# Eating dead crickets



## PsychoChaser (Aug 27, 2007)

All of my Ts will not eat pre-killed crickets, except for L Striatus 1.25".  Some Ts kill but wont eat crickets and I put the dead cricket in with L. Striatus.  Is there any risk in feeding the dead crickets to them?(Only dead for less than one day)


----------



## ballpython2 (Aug 27, 2007)

PsychoChaser said:


> All of my Ts will not eat pre-killed crickets, except for L Striatus 1.25".  Some Ts kill but wont eat crickets and I put the dead cricket in with L. Striatus.  Is there any risk in feeding the dead crickets to them?(Only dead for less than one day)


As long as you dont see any maggot type of stuff and its super rotten, it should be fine but if you can just feed them all live crickets


----------



## Mina (Aug 27, 2007)

Most little tiny slings will eat pre killed food, when they are little they tend to be less picky.  As they get older they will refuse pre killed food, for the most part.  Yes, occasionally an a bigger T will just kill a cricket and not eat it.  I've always assumed it means they are not hungry, grumpy, just don't want to be bothered, or a combo of all three.
Are you trying to figure out what to do if a T kills a cricket and leaves it, or do you have a concern about feeding live crickets?


----------



## Moltar (Aug 27, 2007)

For my slings that are small but not teeny-tiny i try to wound the crickets without killing them.

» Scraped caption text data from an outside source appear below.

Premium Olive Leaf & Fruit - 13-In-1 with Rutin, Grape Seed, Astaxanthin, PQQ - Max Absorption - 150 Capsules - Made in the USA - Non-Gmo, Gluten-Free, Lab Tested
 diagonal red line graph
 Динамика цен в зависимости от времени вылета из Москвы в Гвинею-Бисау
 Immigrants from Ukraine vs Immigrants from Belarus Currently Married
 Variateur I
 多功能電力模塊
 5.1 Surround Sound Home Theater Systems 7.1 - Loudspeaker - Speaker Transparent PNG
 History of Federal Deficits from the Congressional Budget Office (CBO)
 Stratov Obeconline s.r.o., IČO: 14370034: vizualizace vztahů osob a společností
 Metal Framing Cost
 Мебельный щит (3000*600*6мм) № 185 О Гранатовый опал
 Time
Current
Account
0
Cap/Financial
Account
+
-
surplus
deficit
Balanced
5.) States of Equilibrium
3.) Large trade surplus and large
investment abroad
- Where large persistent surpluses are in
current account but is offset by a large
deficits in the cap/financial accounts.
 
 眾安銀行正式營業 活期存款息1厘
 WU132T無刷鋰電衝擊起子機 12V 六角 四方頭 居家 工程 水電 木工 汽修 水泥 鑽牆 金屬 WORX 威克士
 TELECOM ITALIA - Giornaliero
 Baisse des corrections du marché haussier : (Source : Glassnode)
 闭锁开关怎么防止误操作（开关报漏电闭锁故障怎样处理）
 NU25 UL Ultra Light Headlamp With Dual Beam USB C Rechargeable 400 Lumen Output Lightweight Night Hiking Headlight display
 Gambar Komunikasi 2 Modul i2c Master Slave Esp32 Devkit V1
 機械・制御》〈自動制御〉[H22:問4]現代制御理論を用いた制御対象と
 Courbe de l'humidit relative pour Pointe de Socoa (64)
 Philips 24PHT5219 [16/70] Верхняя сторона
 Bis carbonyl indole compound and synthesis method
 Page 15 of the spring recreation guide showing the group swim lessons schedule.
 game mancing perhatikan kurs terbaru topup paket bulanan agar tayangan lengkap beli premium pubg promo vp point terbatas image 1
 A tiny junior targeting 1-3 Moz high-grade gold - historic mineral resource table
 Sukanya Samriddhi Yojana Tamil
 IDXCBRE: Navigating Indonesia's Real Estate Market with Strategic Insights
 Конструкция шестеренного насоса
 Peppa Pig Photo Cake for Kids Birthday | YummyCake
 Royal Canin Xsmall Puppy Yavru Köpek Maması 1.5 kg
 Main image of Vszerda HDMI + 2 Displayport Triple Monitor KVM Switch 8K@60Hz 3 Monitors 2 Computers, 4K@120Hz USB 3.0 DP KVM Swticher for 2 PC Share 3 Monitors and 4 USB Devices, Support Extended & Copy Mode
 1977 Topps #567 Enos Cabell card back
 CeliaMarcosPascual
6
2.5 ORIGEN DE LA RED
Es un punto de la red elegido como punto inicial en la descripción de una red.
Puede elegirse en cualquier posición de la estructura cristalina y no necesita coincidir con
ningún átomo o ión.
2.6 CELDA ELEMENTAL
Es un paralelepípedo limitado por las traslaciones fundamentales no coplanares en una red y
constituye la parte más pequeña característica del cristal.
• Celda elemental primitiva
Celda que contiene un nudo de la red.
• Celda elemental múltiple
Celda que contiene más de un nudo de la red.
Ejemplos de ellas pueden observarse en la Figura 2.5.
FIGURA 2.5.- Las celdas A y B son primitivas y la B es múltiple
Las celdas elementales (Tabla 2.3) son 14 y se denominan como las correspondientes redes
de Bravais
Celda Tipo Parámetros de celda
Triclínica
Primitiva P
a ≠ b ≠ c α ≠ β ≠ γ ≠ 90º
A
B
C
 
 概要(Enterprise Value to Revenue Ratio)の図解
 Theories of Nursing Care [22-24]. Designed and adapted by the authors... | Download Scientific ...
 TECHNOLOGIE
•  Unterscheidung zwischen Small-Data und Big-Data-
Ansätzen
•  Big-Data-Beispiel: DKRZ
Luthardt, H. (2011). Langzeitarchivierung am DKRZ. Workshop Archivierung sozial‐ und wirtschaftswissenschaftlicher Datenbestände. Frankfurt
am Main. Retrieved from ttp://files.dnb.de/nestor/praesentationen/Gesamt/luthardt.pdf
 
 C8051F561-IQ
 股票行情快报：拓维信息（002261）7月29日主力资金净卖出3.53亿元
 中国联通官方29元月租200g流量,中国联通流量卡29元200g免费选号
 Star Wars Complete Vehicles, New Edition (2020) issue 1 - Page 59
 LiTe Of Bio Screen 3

Basically i pluck or cut off the big legs and cut their head in half w/ small scissors. Gruesome, i know but this leaves a prey item that struggles a little and is still alive thus triggering the predatory instinct in the sling. This also helps if you're not sure what stage of premolt a sling is in and it may or may not actually take the food. If the sling goes ahead and molts without killing the crik then it's safe cuz the crik will die anyway.

Reactions: Informative 1


----------



## Harrod (Aug 27, 2007)

I have had several of my slings kill the cricket while it was in premolt, web it up and save until after its done molting. A few days after molting they go and pull the out the cricket and start eating.


----------